Last year, Amnesty launched its #360Syria street campaign, which - in a global first for fundraising - saw virtual reality headsets used by Amnesty’s street fundraisers in various locations in the UK. Since then Amnesty has used the VR viewers in its street fundraising operations in London, Manchester, Bristol and Leeds, as well as at festivals and in schools, allowing a wide range of people to see in vivid detail some of the scenes of destruction in barrel-bombed districts of Aleppo. Amnesty fundraisers and activists have seen a strong and often emotional response from the public and a significant increase in people signing up to direct debit donations toward Amnesty’s human rights work.
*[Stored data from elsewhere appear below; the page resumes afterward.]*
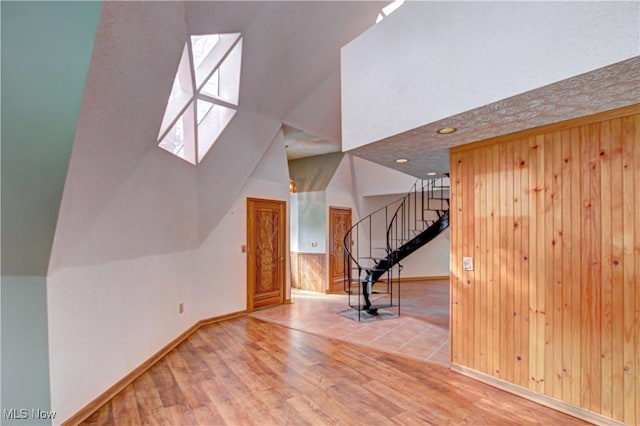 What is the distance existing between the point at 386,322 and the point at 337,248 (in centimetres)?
283

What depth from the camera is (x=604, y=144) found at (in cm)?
226

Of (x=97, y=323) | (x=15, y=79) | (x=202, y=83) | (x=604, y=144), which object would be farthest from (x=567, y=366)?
(x=202, y=83)

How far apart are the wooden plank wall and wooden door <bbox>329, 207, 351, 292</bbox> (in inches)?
166

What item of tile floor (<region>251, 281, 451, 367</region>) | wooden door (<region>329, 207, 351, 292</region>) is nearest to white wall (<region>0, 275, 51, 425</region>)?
tile floor (<region>251, 281, 451, 367</region>)

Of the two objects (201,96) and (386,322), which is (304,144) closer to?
(201,96)

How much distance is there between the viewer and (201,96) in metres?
3.67

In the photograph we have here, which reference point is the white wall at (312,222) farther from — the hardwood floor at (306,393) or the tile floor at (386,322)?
the hardwood floor at (306,393)

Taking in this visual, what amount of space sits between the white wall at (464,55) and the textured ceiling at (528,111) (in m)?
0.09

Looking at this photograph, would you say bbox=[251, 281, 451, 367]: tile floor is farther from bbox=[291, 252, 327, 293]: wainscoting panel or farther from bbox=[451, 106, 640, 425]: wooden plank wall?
bbox=[451, 106, 640, 425]: wooden plank wall

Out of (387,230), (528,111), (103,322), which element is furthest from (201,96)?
(387,230)

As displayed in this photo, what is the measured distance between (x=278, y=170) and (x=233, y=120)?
190 cm

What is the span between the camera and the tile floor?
3.81 metres

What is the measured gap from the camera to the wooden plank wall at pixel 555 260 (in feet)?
7.11

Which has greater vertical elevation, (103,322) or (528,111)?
(528,111) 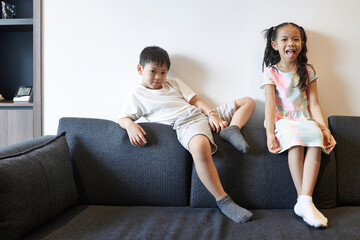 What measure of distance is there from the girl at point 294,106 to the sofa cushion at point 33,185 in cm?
99

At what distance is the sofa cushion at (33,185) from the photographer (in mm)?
1178

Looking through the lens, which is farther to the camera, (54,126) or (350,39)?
(54,126)

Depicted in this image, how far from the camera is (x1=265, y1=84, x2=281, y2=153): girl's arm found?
64.4 inches

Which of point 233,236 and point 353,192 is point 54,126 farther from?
point 353,192

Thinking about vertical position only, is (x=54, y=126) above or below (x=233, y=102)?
below

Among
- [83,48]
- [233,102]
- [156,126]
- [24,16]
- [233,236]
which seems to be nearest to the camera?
[233,236]

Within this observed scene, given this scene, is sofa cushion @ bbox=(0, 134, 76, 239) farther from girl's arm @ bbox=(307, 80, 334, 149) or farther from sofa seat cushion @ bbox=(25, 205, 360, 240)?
girl's arm @ bbox=(307, 80, 334, 149)

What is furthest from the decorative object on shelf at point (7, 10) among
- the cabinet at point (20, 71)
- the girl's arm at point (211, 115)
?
the girl's arm at point (211, 115)

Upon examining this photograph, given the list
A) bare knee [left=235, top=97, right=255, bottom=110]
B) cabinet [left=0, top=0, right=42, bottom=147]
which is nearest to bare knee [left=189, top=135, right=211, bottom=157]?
bare knee [left=235, top=97, right=255, bottom=110]

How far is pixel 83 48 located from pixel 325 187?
154 cm

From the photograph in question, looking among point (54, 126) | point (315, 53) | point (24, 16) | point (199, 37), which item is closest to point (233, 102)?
point (199, 37)

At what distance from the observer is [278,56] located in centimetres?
187

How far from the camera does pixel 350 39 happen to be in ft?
6.22

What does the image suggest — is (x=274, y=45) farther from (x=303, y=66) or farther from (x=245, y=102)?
(x=245, y=102) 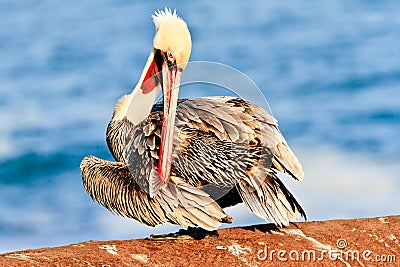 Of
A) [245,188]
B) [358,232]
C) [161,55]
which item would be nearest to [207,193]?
[245,188]

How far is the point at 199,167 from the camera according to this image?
729 cm

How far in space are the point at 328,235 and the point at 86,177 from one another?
264 centimetres

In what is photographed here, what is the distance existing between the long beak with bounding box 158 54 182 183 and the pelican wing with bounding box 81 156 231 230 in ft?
0.62

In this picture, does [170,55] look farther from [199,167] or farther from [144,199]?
[144,199]

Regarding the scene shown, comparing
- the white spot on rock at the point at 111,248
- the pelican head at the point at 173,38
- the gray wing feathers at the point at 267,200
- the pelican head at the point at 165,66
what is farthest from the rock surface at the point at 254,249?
the pelican head at the point at 173,38

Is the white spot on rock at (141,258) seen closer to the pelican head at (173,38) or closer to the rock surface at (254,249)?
the rock surface at (254,249)

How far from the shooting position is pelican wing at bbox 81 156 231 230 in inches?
281

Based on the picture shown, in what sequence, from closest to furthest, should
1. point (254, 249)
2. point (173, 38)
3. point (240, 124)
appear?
point (254, 249) → point (240, 124) → point (173, 38)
The highly cost-effective project uses inexpensive refurbished smartphones and low-tech VR headsets (costing less than £15 each). 
Meanwhile, with “Fear of the sky”, Amnesty brought together specially-created 360-degree photography, narration, sound recordings, 3D data graphics and videos gathered by Amnesty-trained Syrian media activists from the Lamba Media Production organisation. Visitors to Fear of the sky can navigate around full-screen “photospheres” which capture the apocalyptic scenes and sounds after barrel bombing attacks in Aleppo. 
In addition to the fundraising and campaigning impact of the project, the #360Syria project is assisting Amnesty’s efforts to build a body of evidence of human rights violations and crimes against humanity being committed in Syria. 
Amnesty International UK Director Kate Allen said:
“We’re delighted by the Third Sector award and delighted that the #360Syria project is gaining wide recognition.
“Syria is the world’s biggest humanitarian crisis and it’s vital that we explore new and innovative ways of connecting people to what’s happening there.
“Many of us might think we already know about the Syrian government’s barrel bombing of places like Aleppo, but viewing apocalyptic scenes as part of an immersive experience provides you with a whole new level of understanding.”

Blanket barrel bombing

The Syrian president Bashar al-Assad has claimed that Syrian government forces do not possess or use barrel bombs, though their use has been widely documented. The Syrian Network for Human Rights has reported that over 6,000 barrel bombs were dropped by Syrian government forces in the first half of 2016 alone, with large numbers hitting Aleppo. In a report last year, Amnesty detailed the horrific damage done by Syrian government barrel bombing of Aleppo, where scores of people a month were being killed in the attacks - with schools, hospitals, mosques and crowded market places all hit.